BEGIN SOURCE DATA
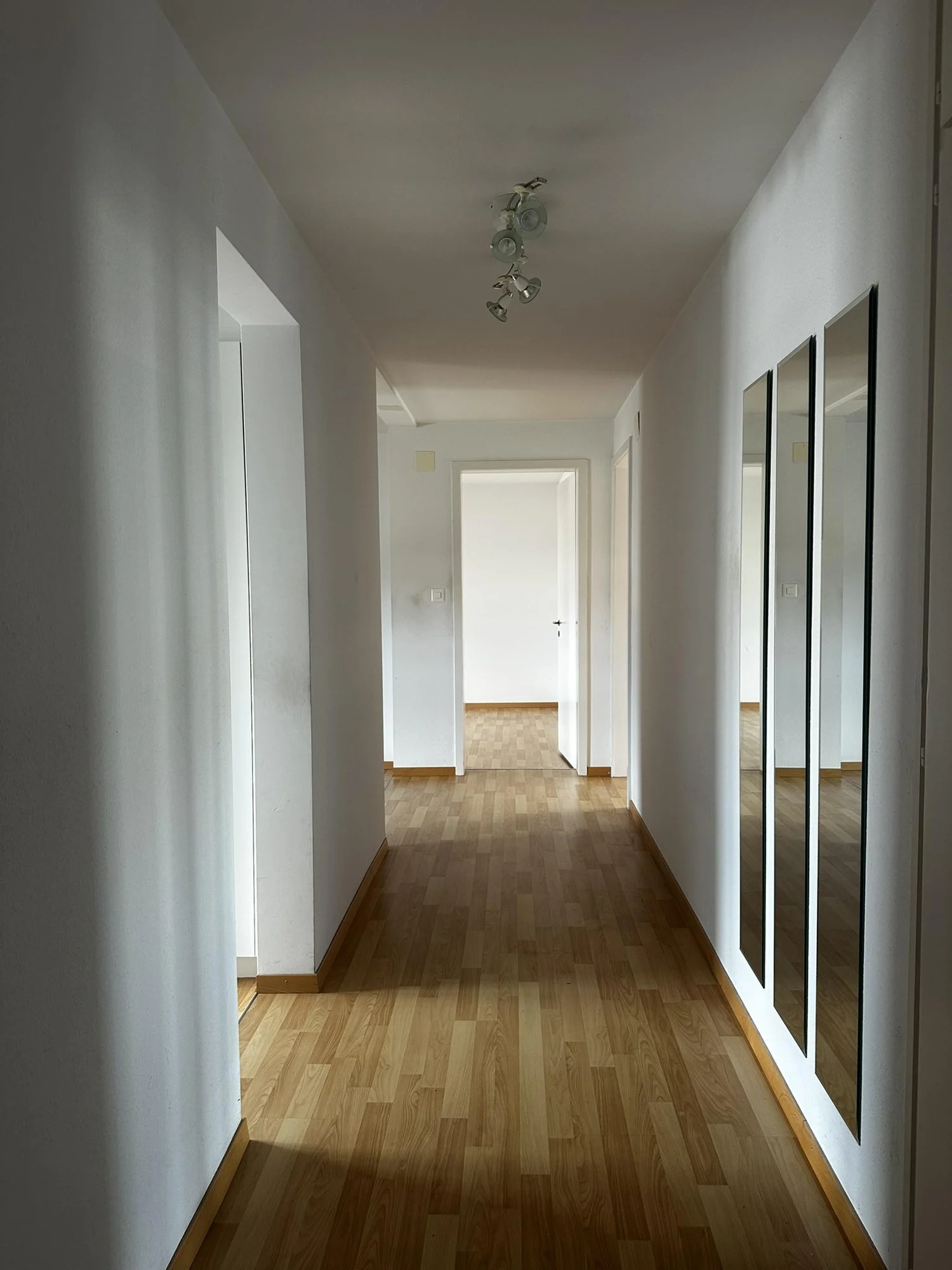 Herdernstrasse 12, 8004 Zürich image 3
END SOURCE DATA
BEGIN SOURCE DATA
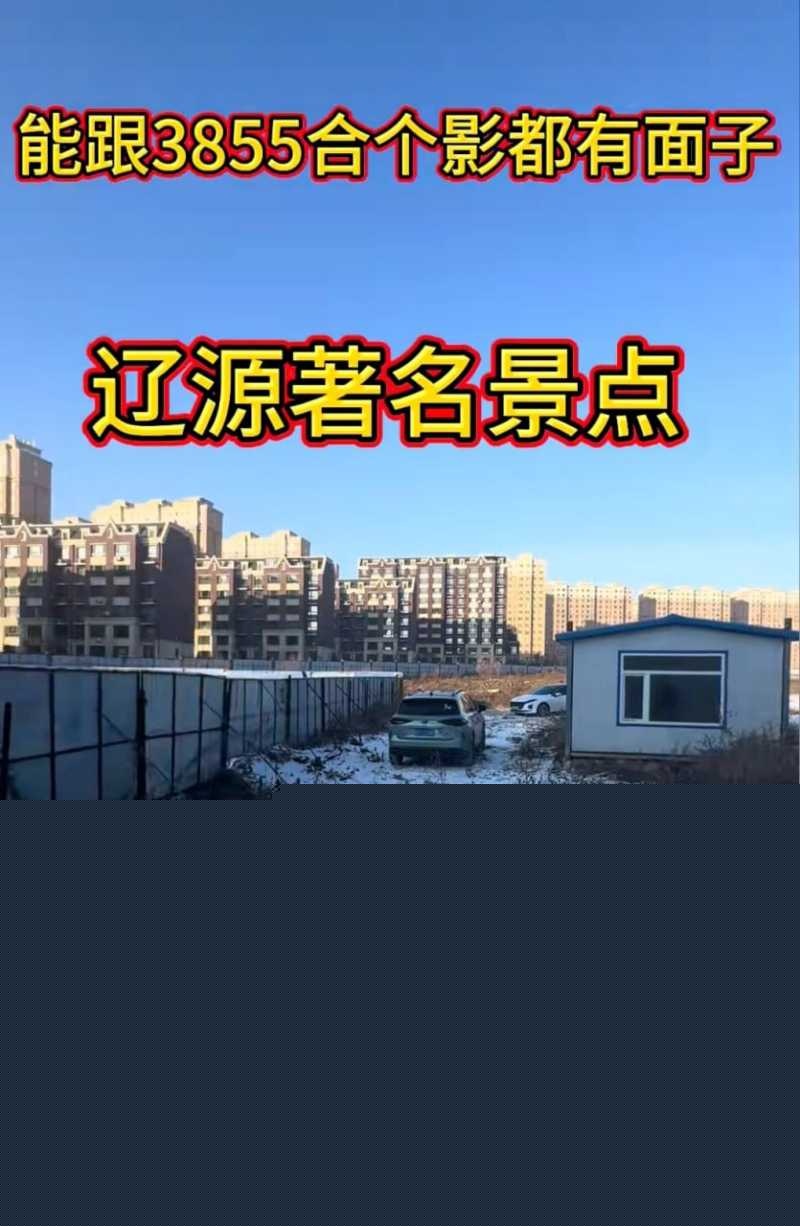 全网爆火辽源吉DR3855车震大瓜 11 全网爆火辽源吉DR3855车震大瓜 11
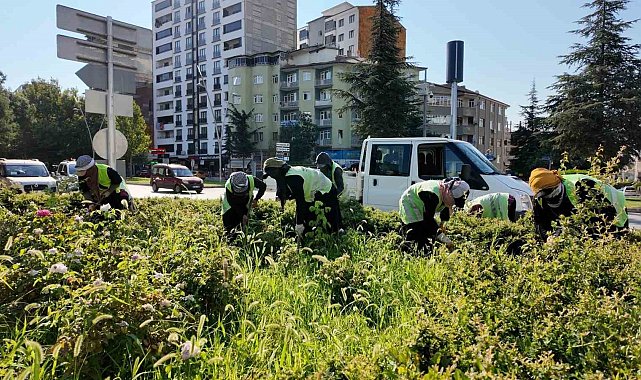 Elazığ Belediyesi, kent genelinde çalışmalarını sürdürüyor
END SOURCE DATA
Starting at the line above that holds "全网爆火辽源吉DR3855车震大瓜 11 全网爆火辽源吉DR3855车震大瓜 11", return each line up to and including the one that holds "Elazığ Belediyesi, kent", exactly as written, minus any pictures.

* _SOLUTION FOR THIS TASK_
 全网爆火辽源吉DR3855车震大瓜 11 全网爆火辽源吉DR3855车震大瓜 11
 Elazığ Belediyesi, kent genelinde çalışmalarını sürdürüyor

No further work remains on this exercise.